# Skier question

1. Nov 5, 2006

### amcca064

Ok so the question is,
"A skier of mass 60kg, initially at rest, slides down from the top of a frictionless, icy, hemispherical, mountain with a radius of curvature R of 100m.

a)Draw a free body diagram and write the Newton's Equations at the moment when he/she is at some point below the top of the mountain.

b)Find the angle 'alpha' with the horizontal surface at which he/she will lose contact with the mountain surface."

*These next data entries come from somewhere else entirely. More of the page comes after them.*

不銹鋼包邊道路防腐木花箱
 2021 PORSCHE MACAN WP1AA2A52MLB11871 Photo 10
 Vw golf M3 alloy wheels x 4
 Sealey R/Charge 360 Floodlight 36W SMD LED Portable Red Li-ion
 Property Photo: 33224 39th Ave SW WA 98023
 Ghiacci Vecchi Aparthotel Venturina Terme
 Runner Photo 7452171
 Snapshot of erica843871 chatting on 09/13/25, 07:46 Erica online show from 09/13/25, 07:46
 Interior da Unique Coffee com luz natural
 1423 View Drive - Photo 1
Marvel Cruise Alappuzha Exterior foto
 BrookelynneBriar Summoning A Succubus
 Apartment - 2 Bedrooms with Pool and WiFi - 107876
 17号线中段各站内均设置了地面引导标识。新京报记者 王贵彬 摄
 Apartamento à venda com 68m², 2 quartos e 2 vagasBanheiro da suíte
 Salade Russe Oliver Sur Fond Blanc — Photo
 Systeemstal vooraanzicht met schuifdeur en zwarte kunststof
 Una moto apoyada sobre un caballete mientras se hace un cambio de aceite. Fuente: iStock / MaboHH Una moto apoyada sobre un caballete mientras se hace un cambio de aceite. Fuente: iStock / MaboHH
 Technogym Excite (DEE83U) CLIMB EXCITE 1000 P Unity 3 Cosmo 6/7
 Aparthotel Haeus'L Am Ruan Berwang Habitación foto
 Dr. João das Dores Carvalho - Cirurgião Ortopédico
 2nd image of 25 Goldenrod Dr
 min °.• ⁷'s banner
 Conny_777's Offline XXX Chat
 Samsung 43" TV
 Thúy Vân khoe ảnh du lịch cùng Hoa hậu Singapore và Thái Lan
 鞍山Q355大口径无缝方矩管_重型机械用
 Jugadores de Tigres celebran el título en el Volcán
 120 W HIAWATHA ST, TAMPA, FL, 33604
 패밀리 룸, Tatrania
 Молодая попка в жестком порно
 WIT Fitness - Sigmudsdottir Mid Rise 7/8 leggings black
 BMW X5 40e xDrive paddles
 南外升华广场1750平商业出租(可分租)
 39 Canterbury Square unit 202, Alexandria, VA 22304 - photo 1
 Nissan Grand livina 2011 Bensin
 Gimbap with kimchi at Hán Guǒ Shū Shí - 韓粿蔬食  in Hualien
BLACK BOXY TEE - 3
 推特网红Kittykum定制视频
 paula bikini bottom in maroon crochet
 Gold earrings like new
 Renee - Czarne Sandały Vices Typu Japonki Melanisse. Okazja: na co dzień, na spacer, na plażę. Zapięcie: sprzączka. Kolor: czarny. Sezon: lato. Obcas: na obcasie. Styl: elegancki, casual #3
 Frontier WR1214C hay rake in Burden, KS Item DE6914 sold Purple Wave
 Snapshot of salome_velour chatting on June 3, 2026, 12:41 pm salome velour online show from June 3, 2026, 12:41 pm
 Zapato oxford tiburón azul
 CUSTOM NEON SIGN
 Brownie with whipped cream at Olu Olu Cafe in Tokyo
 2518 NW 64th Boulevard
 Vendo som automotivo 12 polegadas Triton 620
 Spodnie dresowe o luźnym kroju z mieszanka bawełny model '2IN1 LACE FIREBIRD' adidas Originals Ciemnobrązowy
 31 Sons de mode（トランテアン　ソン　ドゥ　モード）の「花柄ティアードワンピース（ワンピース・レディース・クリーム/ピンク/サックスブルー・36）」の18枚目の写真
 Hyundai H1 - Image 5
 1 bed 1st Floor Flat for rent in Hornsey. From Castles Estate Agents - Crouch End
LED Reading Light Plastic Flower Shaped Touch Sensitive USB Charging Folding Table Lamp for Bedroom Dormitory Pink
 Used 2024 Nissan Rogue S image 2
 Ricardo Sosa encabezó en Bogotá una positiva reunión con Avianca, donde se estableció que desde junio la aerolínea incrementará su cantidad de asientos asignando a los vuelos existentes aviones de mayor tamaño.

Ok so for this question the free body diagram I have is set up so that the angle is measured from the centre of the hemispherical mountain to the skier. In this way, the x axis' is tangent to the semicircle, and the y axis follows the radius of the semicircle. The skier in my diagram is moving to the right along the mountain, which means that the component of the gravitational force that is acting on him/her in the x direction is
mgcos(alpha) and the component along the y direction is mgsin(alpha). The normal force is along y axis. The newton's equations are

Fx = mgcosalpha
and
Fy = n - mgsinalpha

So far I think I have that right, now the difficult part is part b. I don't know what to look for in this part! What equations should I use and how should I set them up? I think this question has to do with momentum, i.e. when does her horizontal momentum carry her off the mountain, but I don't know how to set the equations up to get there. Any help would be greatly appreciated. Thank you.
Aidan

2. Nov 5, 2006

Hint 1: didn't you forget about a force? (Circular motion!)
Hint 2: if contact is lost, which force must equal zero?

3. Nov 5, 2006

### amcca064

Even if its circular motion, that means that Fy= Fr which is still = n - mgsinalpha
And when contact is lost, the normal force will be zero, which means that Fr = -mgsinalpha

Last edited: Nov 5, 2006
4. Nov 5, 2006

Ok, I assumed the skier is skiing down 'from left to right', but this doesn't matter. You have: N = mg*sin(alpha) - m*v^2 / R. The only thing you have to find is the velocity v the skier has when the line connecting the center of curvature and the skier's position makes some angle alpha with the horizontal. You can use energy conservation.

5. Nov 5, 2006

### amcca064

ok....... so what you said is basically, mgsinalpha=m[(v^2) / r] ----> gsinalpha = (v^2)/r ----> (9.81)(100)sinalpha=v^2 so sinalpha= v^2/981
which is two unknowns and one equation. I know I need to use energy conservation to find the answer, I just don't know how.......

6. Nov 5, 2006

Select two positions of the skier so that one is at the top and the other is at some angle alpha. What is the potential energy of the skier at the top? What about the kinetic energy at the top? Further on, what is the potential energy of the skier at some point alpha? ANd what about the kinetic energy? Now use energy conservation. The sum of kinetic and potential energy of the skier at the top must equal the sum of potential and kinetic energy of the skier at some angle alpha.

7. Nov 5, 2006

### amcca064

Ki + Ui = Kf +Uf makes things a lot easier now, thanks for bringing that to my attention, it was the one thing I couldn't piece together. thanks

8. Nov 6, 2006

### mirandasatterley

I have two questions about the conservation of energy part.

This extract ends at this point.